■ Aim of the task ■
Once the line holding "Set of 3 Embossed" is found, output it and all remaining lines of the data exactly, with every picture left out.

■ Provided material ■
━━━━━━━━━━━━━━━━
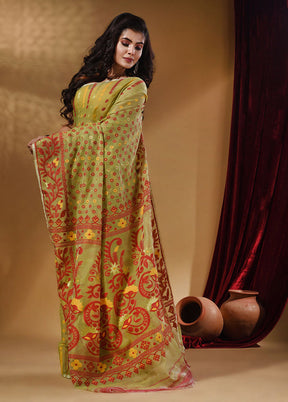 Green Tant Jamdani Saree With Blouse Piece - Indian Silk House Agencies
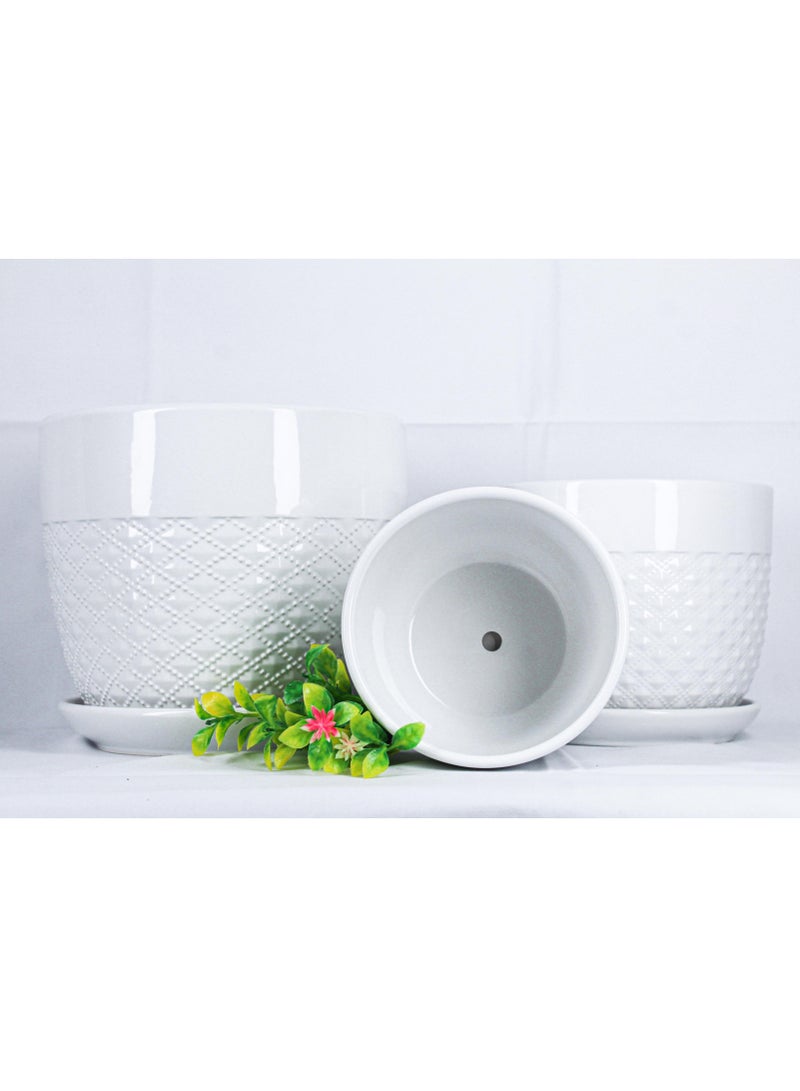 Set of 3 Embossed Textured White Ceramic Planters with Attached Drainage Tray, Diamond Pattern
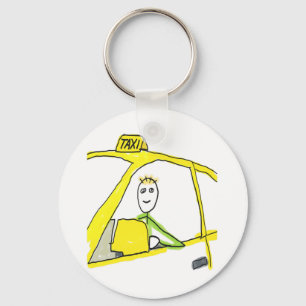 Taxifahrer Stickman Schlüsselanhänger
━━━━━━━━━━━━━━━━
■ Answer box ■
 Set of 3 Embossed Textured White Ceramic Planters with Attached Drainage Tray, Diamond Pattern
 Taxifahrer Stickman Schlüsselanhänger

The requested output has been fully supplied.